Internet service provider Q9 Networks Inc. marked its entry into western Canada recently with the opening of a data centre in Calgary.
The facility, the company’s third in Canada, will offer Alberta businesses various infrastructure and hosting solutions for mission-critical Internet applications, according to a company statement. The list of services offered includes managed servers, colocation space, managed firewalls, back-up, load balancing and virtual private networks. Q9 operates two other data centres – one in Toronto and the other in Brampton, Ont. The Calgary data centre will work in conjunction with the other centres to provide national customers with added business continuity and disaster recovery options, the company said. The company has indicated it may also expand further east, with a data centre possibly in Ottawa or Montreal.
IBM ramps up Informix integration
IBM Corp. has revealed plans to move more of its Informix-bred database technologies to Big Blue’s own DB2 data management platform.
Meanwhile, DB2 technology is being fitted to the Domino messaging server IBM now owns via its Lotus acquisition, company executives report. Technologies from IBM’s acquisition of Informix in 2001, such as the Cloudscape embedded Java database and Datablades which manage special data types, are being migrated to IBM platforms, IBM officials said. The development teams for Cloudscape and IBM’s embedded database, DB2 Everyplace, have been combined, said Janet Perna, general manager of IBM’s data management software group. DB2 Everyplace runs on embedded Linux and the Pocket PC platforms, she said.
Group to study security reporting
A number of software vendors and security firms are teaming up to discuss reporting strategies for security flaws, balancing the right of users to know whether their software is flawed against the possibility that publicizing vulnerabilities may encourage hackers.
The Organization for Internet Safety (OIS) will work to develop a system that will set standards for the way security vulnerabilities are disclosed, officials said in a prepared statement. Generally, security companies and independent security researchers who discover software bugs inform the vendor of the discovery, and give it some time to develop a patch for the flaw before releasing the information publicly.
However, this is not always the case, and security vulnerabilities have made their way into the public before the vendor had a chance to examine the bug, or determine its importance.

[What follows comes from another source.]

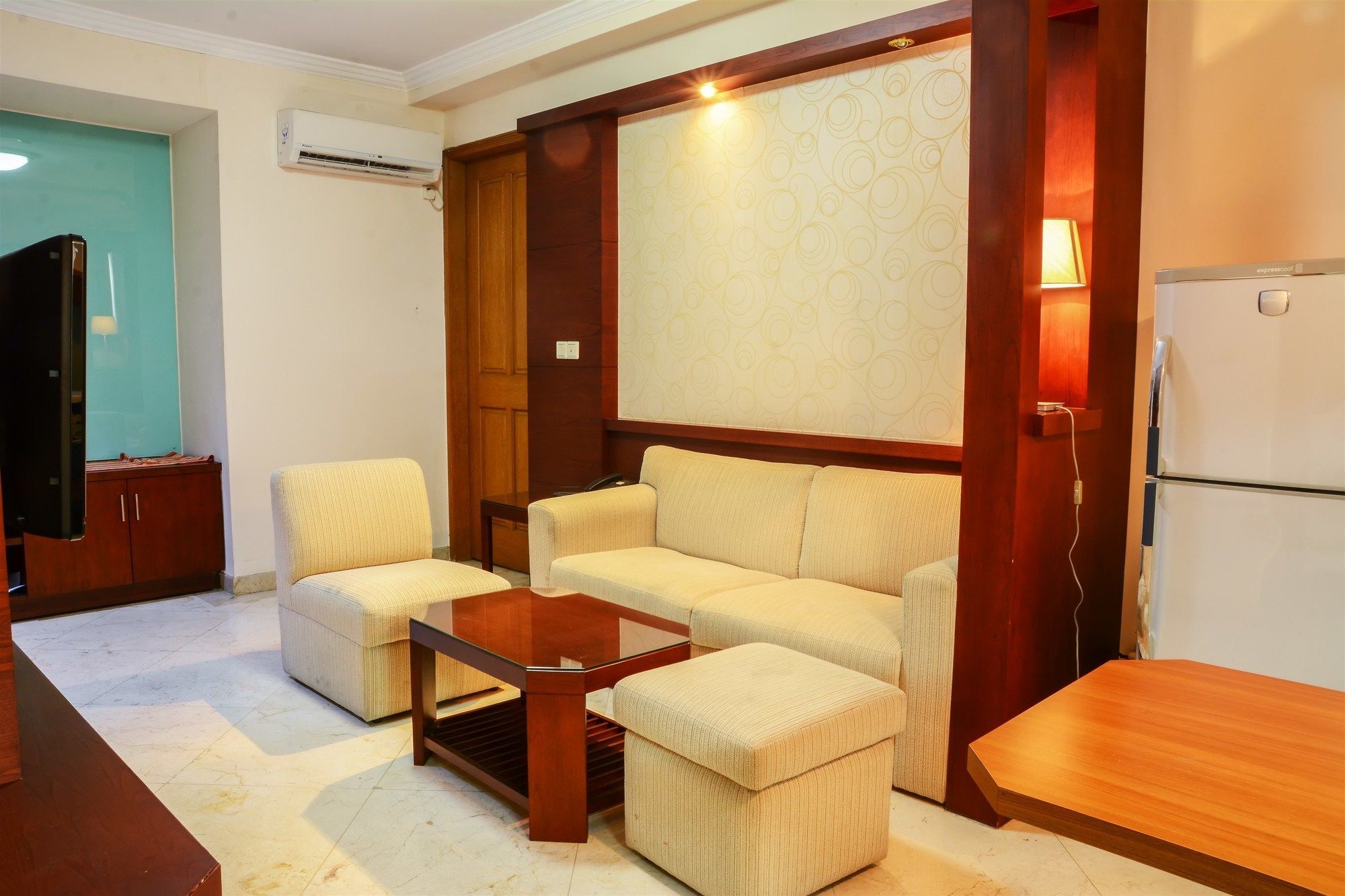 Apartment Big 1 Bedroom Park Royale By Travelio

Help desk workers are in demand
IT professionals working on company help desks experienced the strongest growth in the job market, according to a recent Robert Half Technology report. According to the semi-annual study, entitled Robert Half Technology Hot Jobs Report, 18 per cent of surveyed Canadian CIOs chose help desk/end-user support as the most sought-after job category. The IT consulting service company’s report tracked the job growth of IT professionals through a survey of more than 270 CIOs across the country. A random sample of Canadian companies with 100 or more employees was contacted.
The help desk/end-user support job category rose four per cent since the firm’s last report. Desktop support analyst, technical administrator and computer technician – positions in the help desk/end-user support category – were job titles most sought-after in the IT industry, the report found.
Spending, app dev expected to rebound
Despite economic difficulties tied to accounting scandals and to the looming prospect of war on Iraq, revenue in the worldwide packaged software market will grow by around four per cent in 2003, after slower growth of around 1.5 per cent in 2002, according to IDC.
Applications such as operating systems and business software will be the largest area of spending in the software market in 2003 as compared with 2002. Global spending on applications will grow to US$131 billion by 2006. Meanwhile, application development and deployment promises to be the fastest-growing software segment through 2006, growing 11.5 per cent annually, according to a statement released by IDC. Growth in the software market is expected despite the lack of any obvious “killer app” to stimulate development, the firm said.
Solaris for Intel to ship by December
Sun Microsystems Inc. will ship a version of its Solaris 9 operating system around the end of the year for computers based on Intel Corp.’s x86 processor architecture, with a likely price tag of US$99. The company announced in August that it would ship the software bundled with its LX50 dual Pentium III server, but said at that stage it would support Solaris 9 only on that server and on systems based on its Sparc processors.
The previous version of the operating system, Solaris 8, was supported on a variety of x86 systems, and was available for free download, but in January, less than five months before the launch of Solaris 9, Sun announced that to cut costs it would end the free download scheme for the Intel platform and would not release Solaris 9 for Intel processors. Now, Solaris 9 is back on the menu for everyone.